Exercise aim → Look through the records below for the line with "Theory Belted Shirt Dress in Good Wool". Return that line and each one after it up to and including the line with "badtaste Vintage Striped", exactly.

#####

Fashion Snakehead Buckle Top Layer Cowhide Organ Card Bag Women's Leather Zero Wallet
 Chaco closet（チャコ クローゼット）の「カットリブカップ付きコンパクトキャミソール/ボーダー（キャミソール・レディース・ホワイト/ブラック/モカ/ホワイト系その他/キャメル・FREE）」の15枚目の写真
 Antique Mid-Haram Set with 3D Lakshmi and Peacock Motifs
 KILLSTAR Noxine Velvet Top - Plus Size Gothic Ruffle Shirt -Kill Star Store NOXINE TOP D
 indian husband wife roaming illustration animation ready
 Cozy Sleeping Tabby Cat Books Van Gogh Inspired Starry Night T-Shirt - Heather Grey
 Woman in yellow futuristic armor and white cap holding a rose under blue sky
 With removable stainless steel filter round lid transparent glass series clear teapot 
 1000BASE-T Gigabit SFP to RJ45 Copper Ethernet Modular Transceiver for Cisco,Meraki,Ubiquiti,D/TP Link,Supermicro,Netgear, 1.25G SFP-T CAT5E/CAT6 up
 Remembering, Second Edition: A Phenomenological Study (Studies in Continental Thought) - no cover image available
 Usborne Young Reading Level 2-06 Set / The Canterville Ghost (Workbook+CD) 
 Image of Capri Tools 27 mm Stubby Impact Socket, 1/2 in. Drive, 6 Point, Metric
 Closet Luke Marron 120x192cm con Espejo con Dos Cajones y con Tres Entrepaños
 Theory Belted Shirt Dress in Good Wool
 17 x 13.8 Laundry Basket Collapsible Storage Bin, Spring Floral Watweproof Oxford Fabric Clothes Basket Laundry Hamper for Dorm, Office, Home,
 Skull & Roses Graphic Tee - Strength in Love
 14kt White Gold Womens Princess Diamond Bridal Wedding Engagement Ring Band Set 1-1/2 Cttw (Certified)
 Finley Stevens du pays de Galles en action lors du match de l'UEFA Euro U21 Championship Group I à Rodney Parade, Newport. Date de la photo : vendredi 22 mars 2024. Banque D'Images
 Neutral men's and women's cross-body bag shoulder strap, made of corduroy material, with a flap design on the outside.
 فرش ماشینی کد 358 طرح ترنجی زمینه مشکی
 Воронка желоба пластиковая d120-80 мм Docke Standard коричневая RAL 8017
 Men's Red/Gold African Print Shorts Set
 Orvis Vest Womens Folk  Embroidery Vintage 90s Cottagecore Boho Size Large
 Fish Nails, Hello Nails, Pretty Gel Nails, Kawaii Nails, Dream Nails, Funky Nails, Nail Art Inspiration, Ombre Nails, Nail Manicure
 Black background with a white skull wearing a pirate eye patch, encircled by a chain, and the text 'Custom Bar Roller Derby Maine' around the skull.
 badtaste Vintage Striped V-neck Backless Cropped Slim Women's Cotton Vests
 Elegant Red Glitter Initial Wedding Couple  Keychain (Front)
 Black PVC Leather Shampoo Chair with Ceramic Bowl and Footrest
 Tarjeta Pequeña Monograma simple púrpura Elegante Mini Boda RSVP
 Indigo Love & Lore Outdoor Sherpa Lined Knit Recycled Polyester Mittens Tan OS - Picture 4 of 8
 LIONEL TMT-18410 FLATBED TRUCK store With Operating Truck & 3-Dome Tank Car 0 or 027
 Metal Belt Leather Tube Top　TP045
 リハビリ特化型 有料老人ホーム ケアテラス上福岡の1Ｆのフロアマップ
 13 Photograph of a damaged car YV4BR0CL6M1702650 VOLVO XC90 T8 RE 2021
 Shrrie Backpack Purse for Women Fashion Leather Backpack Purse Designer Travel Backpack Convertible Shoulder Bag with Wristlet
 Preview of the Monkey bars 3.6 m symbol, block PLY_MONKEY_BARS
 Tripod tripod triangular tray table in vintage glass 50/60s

#####

The answer →
 Theory Belted Shirt Dress in Good Wool
 17 x 13.8 Laundry Basket Collapsible Storage Bin, Spring Floral Watweproof Oxford Fabric Clothes Basket Laundry Hamper for Dorm, Office, Home,
 Skull & Roses Graphic Tee - Strength in Love
 14kt White Gold Womens Princess Diamond Bridal Wedding Engagement Ring Band Set 1-1/2 Cttw (Certified)
 Finley Stevens du pays de Galles en action lors du match de l'UEFA Euro U21 Championship Group I à Rodney Parade, Newport. Date de la photo : vendredi 22 mars 2024. Banque D'Images
 Neutral men's and women's cross-body bag shoulder strap, made of corduroy material, with a flap design on the outside.
 فرش ماشینی کد 358 طرح ترنجی زمینه مشکی
 Воронка желоба пластиковая d120-80 мм Docke Standard коричневая RAL 8017
 Men's Red/Gold African Print Shorts Set
 Orvis Vest Womens Folk  Embroidery Vintage 90s Cottagecore Boho Size Large
 Fish Nails, Hello Nails, Pretty Gel Nails, Kawaii Nails, Dream Nails, Funky Nails, Nail Art Inspiration, Ombre Nails, Nail Manicure
 Black background with a white skull wearing a pirate eye patch, encircled by a chain, and the text 'Custom Bar Roller Derby Maine' around the skull.
 badtaste Vintage Striped V-neck Backless Cropped Slim Women's Cotton Vests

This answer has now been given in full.